Lumber producers in regions infested with the dreaded mountain pine beetle are facing trouble. The beetle lays its eggs under the bark of pine trees, at the same time introducing blue stain fungus that prevents the tree from fighting back against the beetle. In combination, the feeding beetle larvae and the fungus soon kill the tree. For lumber producers, it’s a double whammy: their trees are dying, and the lumber they can saw from salvaged timber is stained blue.
But some buyers like the blue stain, reports the Rapid City Journal (“Markets sought for pine beetle infested wood,” by Mary Garrigan). Tom Shaffer, an executive with lumber producer Neiman Enterprises, told the paper he wishes he could find more customers like Steve and Kathy Mullins. The pair are building a custom lodge in the Black Hills whose interior is finished out with boards sawn from beetle-killed pine.
“We fell in love with the exceptional beauty and charm” of blue-stained pine, Kathy Mullins told the Journal. The paper describes the attraction this way: “The ‘stain’ varies from shades of light blue to smoky grays to a pale black wash that marks the beetles' advance into the tree.
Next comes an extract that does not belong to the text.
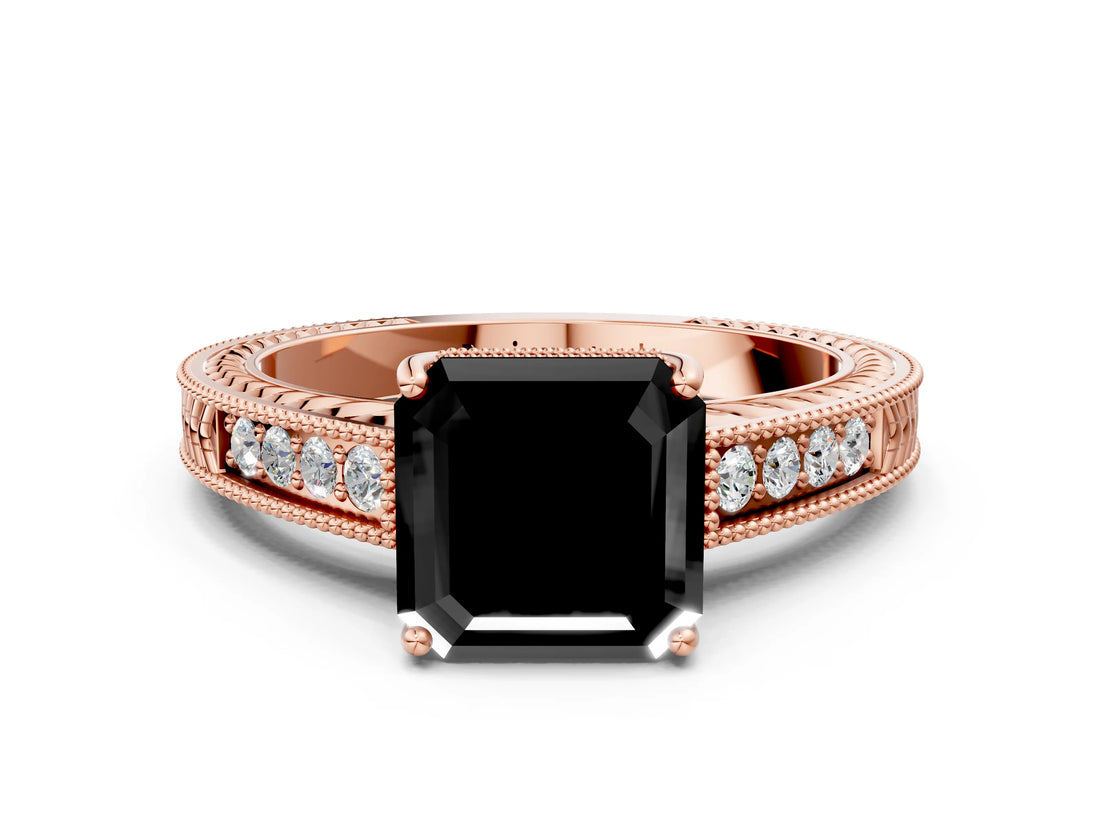 Rose gold Fancy Black Asscher Cut Diamond Engagement Ring with Milgrain Channel Set Band and Prong Setting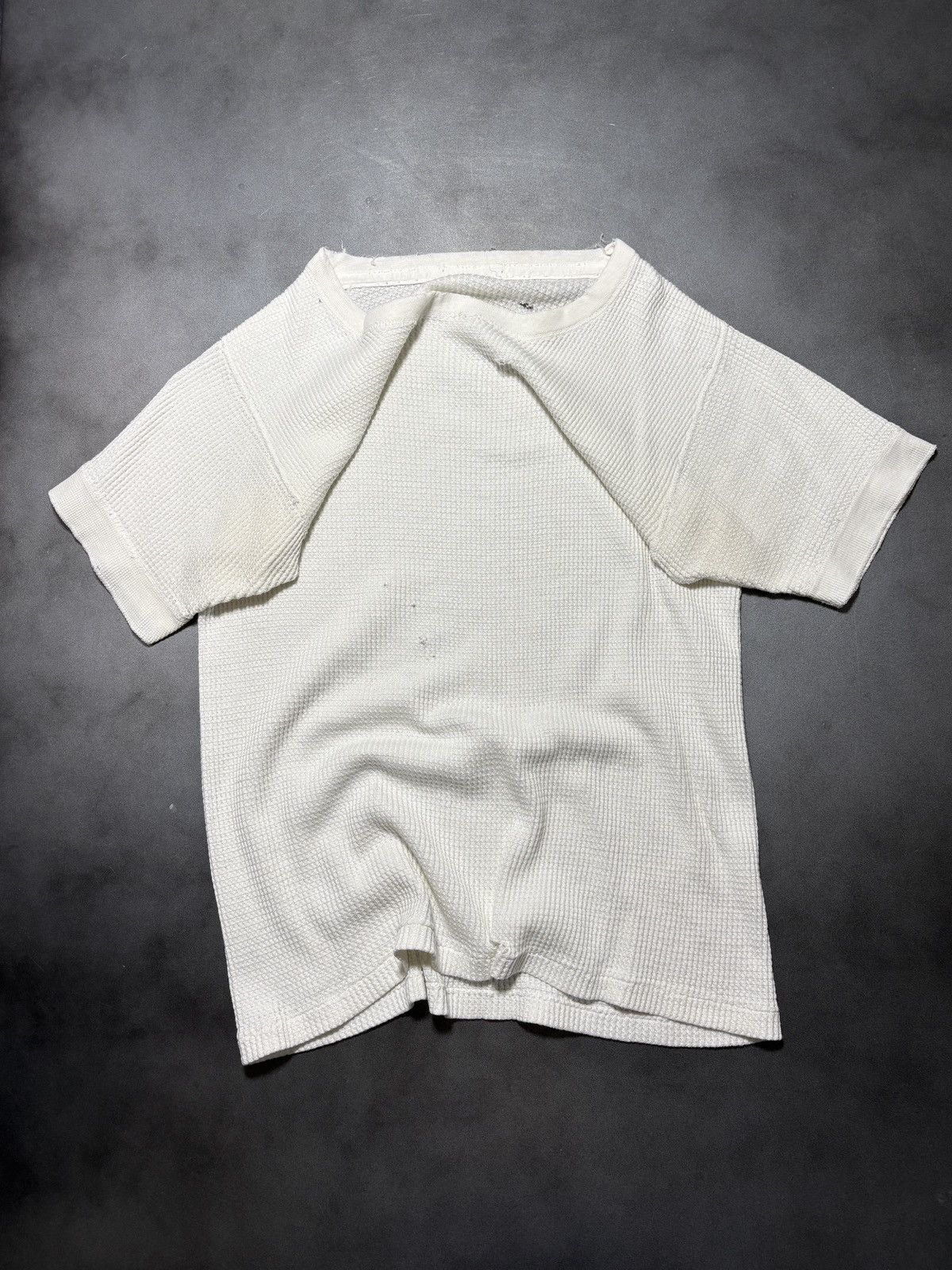 Vintage Thrashed Vintage Thermal T-Shirt Waffle Blank White Distress Size US S / EU 44-46 / 1 - 2 Thumbnail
Sometimes the blue stain barely feathers the edge; sometimes it invades far into a board, creating a sharp contrast as it butts up to the warm wood tones of the tree's heartwood.”
Will other buyers feel the same way? Neiman Enterprises’ Shaffer hopes so. His company processes a million and a half trees a year, reports the Journal — and of those, at least 30% had blue stain last.